How do sections 23A and 23B
apply to transactions in which a member bank purchases from one affiliate
an asset relating to another affiliate?
In
some situations in which a member bank purchases an asset from an
affiliate, the asset purchase qualifies for an exemption under this
part, but the member bank’s resulting ownership of the purchased asset
also represents a covered transaction (which may or may not qualify
for an exemption under this regulation). In these situations, the
transaction engaged in by the member bank would qualify as two different
types of covered transaction. Although an asset-purchase exemption
may suffice to exempt the member bank’s asset purchase from the first
affiliate, the asset-purchase exemption does not exempt the member
bank’s resulting covered transaction with the second affiliate. The
exemptions subject to this interpretation include sections 223.31(e),
223.41(a) through (d), and 223.42(e), (f), (i), (j), (k), and (m).

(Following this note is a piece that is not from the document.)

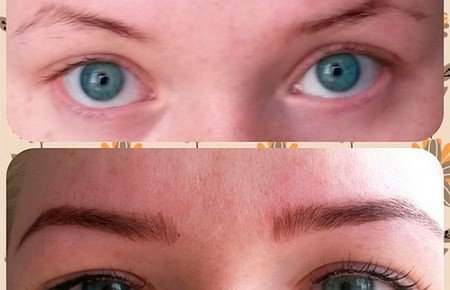 Ламінування брів фото до і після, відгуки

Examples The (d)(6) exemption. A member bank purchases from Affiliate A securities issued by Affiliate
B in a purchase that qualifies for the (d)(6) exemption in section
23A. The member bank’s asset purchase from Affiliate A would be an
exempt covered transaction under section 223.42(e); but the member
bank also would have acquired an investment in securities issued by
Affiliate B, which would be a covered transaction between the member
bank and Affiliate B under section 223.3(h)(2) that does not qualify
for the (d)(6) exemption. The (d)(6) exemption, by its terms, only
exempts asset purchases by a member bank from an affiliate; hence,
the (d)(6) exemption cannot exempt a member bank’s investment in securities
issued by an affiliate (even if the securities would qualify for the
(d)(6) exemption).
The sister-bank exemption. A member bank purchases
from Sister-Bank Affiliate A a loan to Affiliate B in a purchase that
qualifies for the sister-bank exemption in section 23A. The member
bank’s asset purchase from Sister-Bank Affiliate A would be an exempt
covered transaction under section 223.41(b); but the member bank also
would have acquired an extension of credit to Affiliate B, which would
be a covered transaction between the member bank and Affiliate B under
section 223.3(h)(1) that does not qualify for the sister-bank exemption.
The sister-bank exemption, by its terms, only exempts transactions
by a member bank with a sister-bank affiliate; hence, the sister-bank
exemption cannot exempt a member bank’s extension of credit to an
affiliate that is not a sister bank (even if the extension of credit
was purchased from a sister bank). 12 CFR 223.71.